A man wearing a mask in jeans and a coat stands by one of several tents in the woods.
Josh Landes
Jeremy Smith standing next to his encampment in Pittsfield, Massachusetts on December 15th, 2020.

With the first major winter storm on the way, the unhoused residents of Pittsfield, Massachusetts are bracing for a long, cold season with little hope in sight.

“I’ve done a lot of cleaning around here to keep it as good as I can, to make sure we don’t get kicked out of here,” Jeremy Smith told WAMC at his encampment Tuesday.

Berkshire natives Smith and Jolene Collins are living rough in Pittsfield. The engaged couple, both 40, have a pair of tents in a patch of woods set behind a residential neighborhood not far from the city center.

“Right now, things are a little on the rough side right now," said Smith. "As you can see, we're camping out in the woods. Things, work, work’s not as steady as it was, things aren't going as well as it used to be. And Pittsfield is really not doing much for anybody right now.”
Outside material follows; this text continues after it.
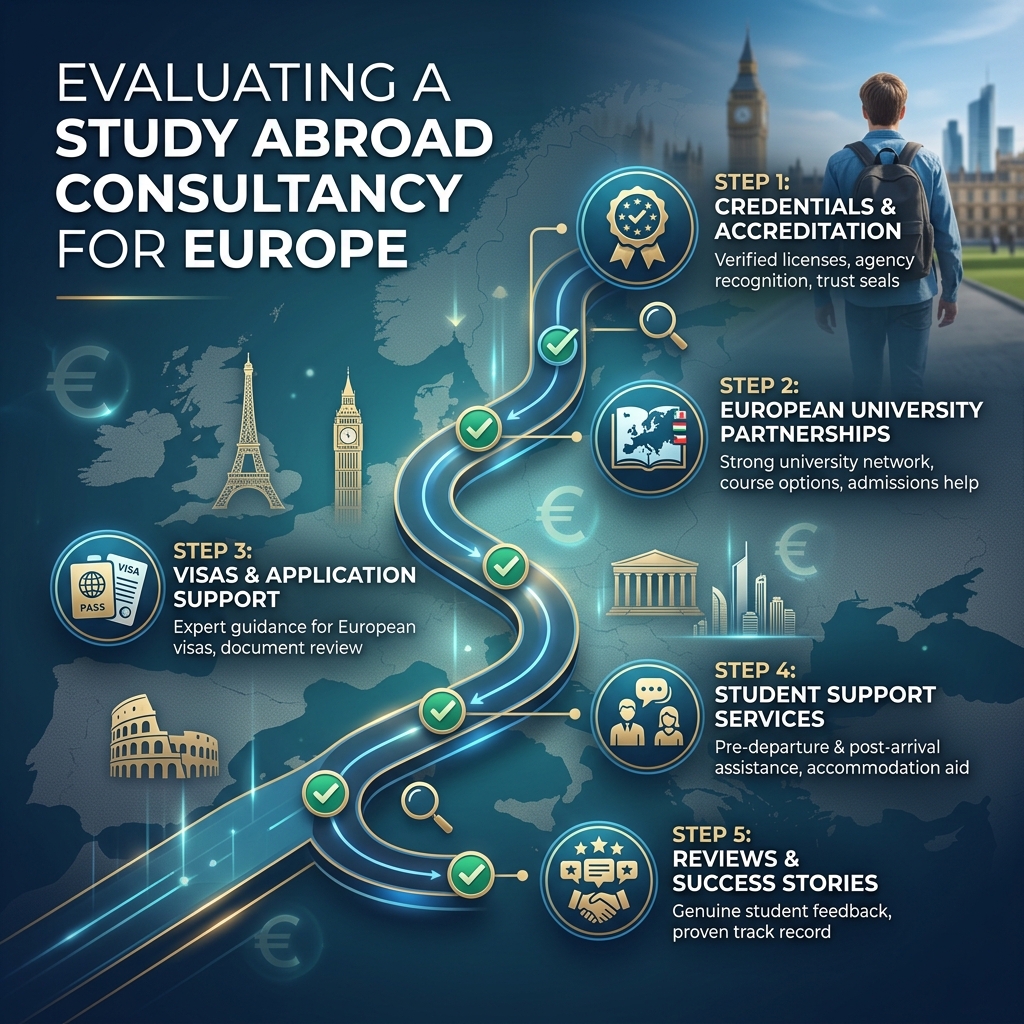 Best Consultancy for Study in Europe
They’re just two of dozens of city residents living in a network of hidden encampments sprinkled throughout the city’s 40 square miles. Smith says the options the city are offering people like them come with too many challenges to take seriously.
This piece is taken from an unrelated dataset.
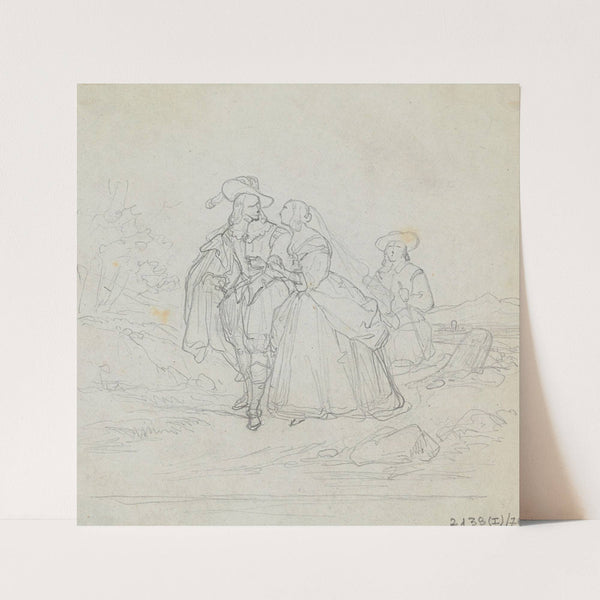 Book Illustration by Nicaise De Keyser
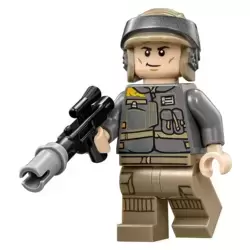 Genuine LEGO STAR WARS FIGURINE REBEL TROOPER LIEUTENANT sefla SW0784 Rogue 1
“They have the shelters, but they lock you in at 6 o'clock at night," he said. "You can't go anywhere, you can't come out, you can't go. And then during the day, like, if you leave during the day, you have to be in at 6 o'clock at night. And then you're not allowed to go out. You can't do anything. So if you want to go to the grocery store or do anything, you can't, because once you walk out the door, they lock the doors and won't let you back in.”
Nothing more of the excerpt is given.